While the economy is nowhere near its strength before pandemic, equities are in a record high. The S&P and Nasdaq reached their latest highs on Monday. All three indices are at the end of the year with gains. For the Nasdaq, it is becoming the best year since 2009.
At the beginning of 2020, investors were worried that the market might have less wind, as the Fed stopped lowering interest rates and boosting the economy. Trump’s tax cuts have run out. On top of that, the US-China trade agreement still hung in the balance. But little did they know they were about to fall off a cliff.
After reaching record highs at the beginning of the year, the market began to shake in February for fear of the coronavirus pandemic, deepening sales in March as lock-in measures increased across the United States. The Dow regularly set new records for its biggest one-day point declines in history, and the New York Stock Exchange had to suspend trading in the S&P 500 several times because the index fell too fast.
But in the ensuing months, as the economic pain of the pandemic continued, the stock market recovered faster than many expected.
“It’s been a year with a lot of memories for investors: number one, do not overreact,” Leo Grohowski, chief investment officer of BNY Wealth Management, told CNN Business.
As the market screamed back from the strong losses in March, investors who panicked and withdrew their money lost out on the rally.
The duration and strength of the stock market was one of the most surprising parts of the year for investors. People will look back on this year and wonder how such market records could be achieved against the backdrop of unprecedented economic problems, said JJ Kinahan, chief strategist at TD Ameritrade.

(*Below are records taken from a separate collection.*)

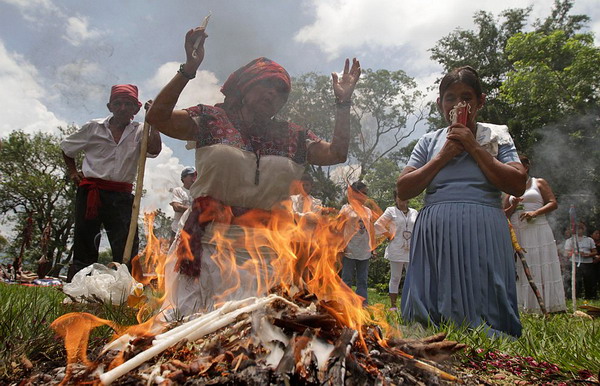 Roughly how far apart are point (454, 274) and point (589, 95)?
64.4 feet

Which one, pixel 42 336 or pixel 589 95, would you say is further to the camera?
pixel 589 95

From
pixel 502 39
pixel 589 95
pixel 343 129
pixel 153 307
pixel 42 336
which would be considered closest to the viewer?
pixel 42 336

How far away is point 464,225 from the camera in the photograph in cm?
340

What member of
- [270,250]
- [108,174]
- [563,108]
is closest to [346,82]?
[270,250]

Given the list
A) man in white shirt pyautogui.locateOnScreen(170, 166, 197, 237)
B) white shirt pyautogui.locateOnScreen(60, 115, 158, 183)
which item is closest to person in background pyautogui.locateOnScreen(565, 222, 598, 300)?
man in white shirt pyautogui.locateOnScreen(170, 166, 197, 237)

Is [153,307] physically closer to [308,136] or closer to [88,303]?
[88,303]

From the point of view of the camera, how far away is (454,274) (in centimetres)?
338

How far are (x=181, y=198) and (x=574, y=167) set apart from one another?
16.9m

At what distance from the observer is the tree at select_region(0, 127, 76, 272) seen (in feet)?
115

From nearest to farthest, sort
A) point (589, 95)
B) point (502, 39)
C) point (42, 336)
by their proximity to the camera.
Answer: point (42, 336) < point (589, 95) < point (502, 39)

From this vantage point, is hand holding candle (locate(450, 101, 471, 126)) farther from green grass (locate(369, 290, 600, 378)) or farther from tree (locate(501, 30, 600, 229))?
tree (locate(501, 30, 600, 229))

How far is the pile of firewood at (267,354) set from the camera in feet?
5.35

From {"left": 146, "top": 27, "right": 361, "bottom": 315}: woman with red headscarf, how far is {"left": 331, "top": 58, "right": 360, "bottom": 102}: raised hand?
1 centimetres

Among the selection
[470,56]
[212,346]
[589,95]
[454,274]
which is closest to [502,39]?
[470,56]
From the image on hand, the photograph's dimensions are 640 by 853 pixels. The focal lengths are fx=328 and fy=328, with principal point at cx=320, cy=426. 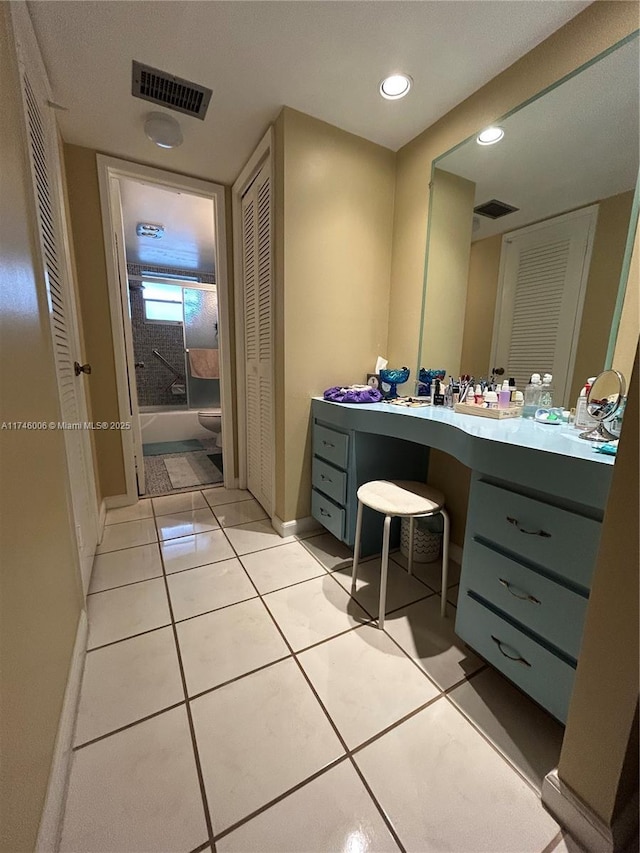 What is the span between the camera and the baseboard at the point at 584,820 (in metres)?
0.67

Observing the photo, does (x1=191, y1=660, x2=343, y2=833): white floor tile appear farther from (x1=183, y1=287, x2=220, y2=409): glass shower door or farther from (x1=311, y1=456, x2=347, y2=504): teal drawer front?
(x1=183, y1=287, x2=220, y2=409): glass shower door

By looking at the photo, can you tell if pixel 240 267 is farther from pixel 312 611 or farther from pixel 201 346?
pixel 201 346

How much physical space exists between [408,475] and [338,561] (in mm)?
594

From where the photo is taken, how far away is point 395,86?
1.40m

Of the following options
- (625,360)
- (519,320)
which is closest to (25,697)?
(625,360)

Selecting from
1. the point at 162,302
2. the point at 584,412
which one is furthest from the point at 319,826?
the point at 162,302

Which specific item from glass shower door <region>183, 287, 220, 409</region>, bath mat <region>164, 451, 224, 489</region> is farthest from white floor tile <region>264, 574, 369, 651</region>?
glass shower door <region>183, 287, 220, 409</region>

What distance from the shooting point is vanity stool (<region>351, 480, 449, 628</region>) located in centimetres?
122

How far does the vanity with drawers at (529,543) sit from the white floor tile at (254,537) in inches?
42.6

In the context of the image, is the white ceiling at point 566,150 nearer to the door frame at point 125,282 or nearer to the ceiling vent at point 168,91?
the ceiling vent at point 168,91

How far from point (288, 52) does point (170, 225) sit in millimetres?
2194

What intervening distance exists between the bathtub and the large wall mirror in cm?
322

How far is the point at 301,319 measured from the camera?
5.66 feet

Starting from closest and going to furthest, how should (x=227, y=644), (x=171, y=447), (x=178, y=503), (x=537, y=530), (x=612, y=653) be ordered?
(x=612, y=653)
(x=537, y=530)
(x=227, y=644)
(x=178, y=503)
(x=171, y=447) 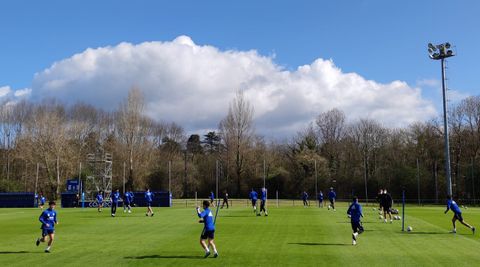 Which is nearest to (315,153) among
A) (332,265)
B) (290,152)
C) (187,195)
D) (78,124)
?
(290,152)

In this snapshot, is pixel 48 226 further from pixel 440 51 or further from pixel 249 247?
pixel 440 51

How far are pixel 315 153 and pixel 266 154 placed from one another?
1119cm

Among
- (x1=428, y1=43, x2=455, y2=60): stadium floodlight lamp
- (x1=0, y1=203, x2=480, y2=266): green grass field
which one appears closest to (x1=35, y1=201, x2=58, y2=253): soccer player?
(x1=0, y1=203, x2=480, y2=266): green grass field

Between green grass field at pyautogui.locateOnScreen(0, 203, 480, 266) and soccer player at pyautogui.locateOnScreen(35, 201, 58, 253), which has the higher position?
soccer player at pyautogui.locateOnScreen(35, 201, 58, 253)

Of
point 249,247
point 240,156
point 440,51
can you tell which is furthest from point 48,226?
point 240,156

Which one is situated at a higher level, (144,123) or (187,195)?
(144,123)

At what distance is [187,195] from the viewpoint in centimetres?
9412

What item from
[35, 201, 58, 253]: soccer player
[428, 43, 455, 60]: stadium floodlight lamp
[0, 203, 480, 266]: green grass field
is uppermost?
[428, 43, 455, 60]: stadium floodlight lamp

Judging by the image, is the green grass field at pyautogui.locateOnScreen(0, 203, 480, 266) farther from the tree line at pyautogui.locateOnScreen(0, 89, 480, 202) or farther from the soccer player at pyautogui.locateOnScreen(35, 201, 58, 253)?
the tree line at pyautogui.locateOnScreen(0, 89, 480, 202)

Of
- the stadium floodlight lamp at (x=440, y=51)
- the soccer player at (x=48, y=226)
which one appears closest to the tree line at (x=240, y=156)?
the stadium floodlight lamp at (x=440, y=51)

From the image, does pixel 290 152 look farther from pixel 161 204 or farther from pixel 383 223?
pixel 383 223

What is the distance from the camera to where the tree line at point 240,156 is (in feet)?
237

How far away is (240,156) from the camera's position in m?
94.1

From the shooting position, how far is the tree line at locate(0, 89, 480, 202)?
237 ft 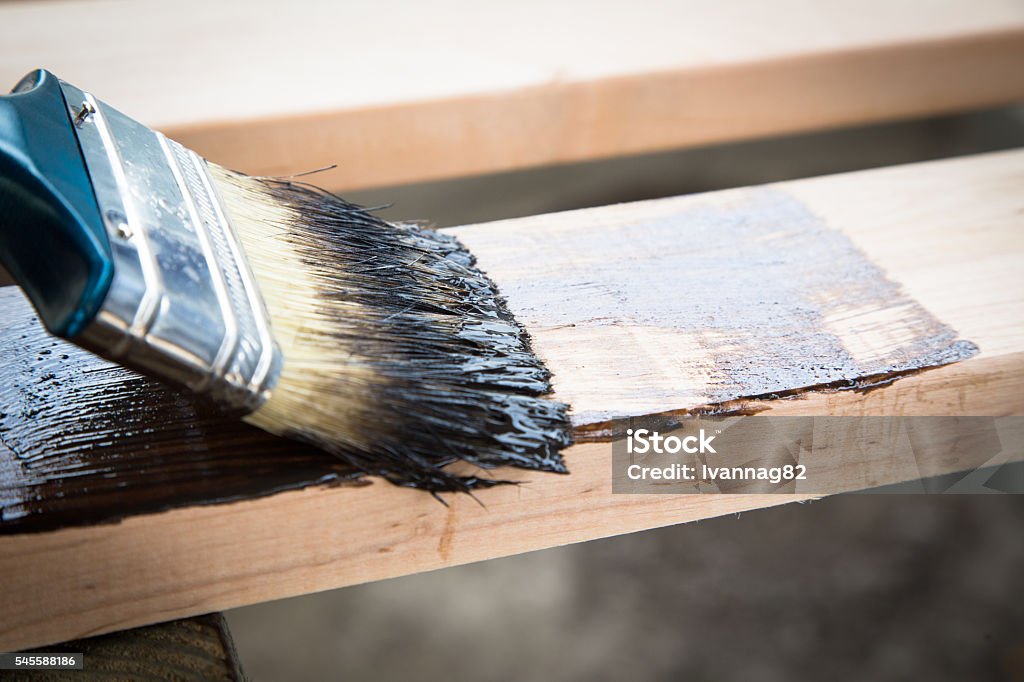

The lesson: “Wall Street just does not reflect Main Street,” Kinahan said. “But the other part of this is that there is also no stock market in the main street.”
Indeed, companies that eventually gained market share during the pandemic, such as Amazon (AMZN) and Walmart (WMT), was already a huge undertaking for Covid-19. Meanwhile, smaller businesses and mom-and-pop stores were, and still are, in a very different situation.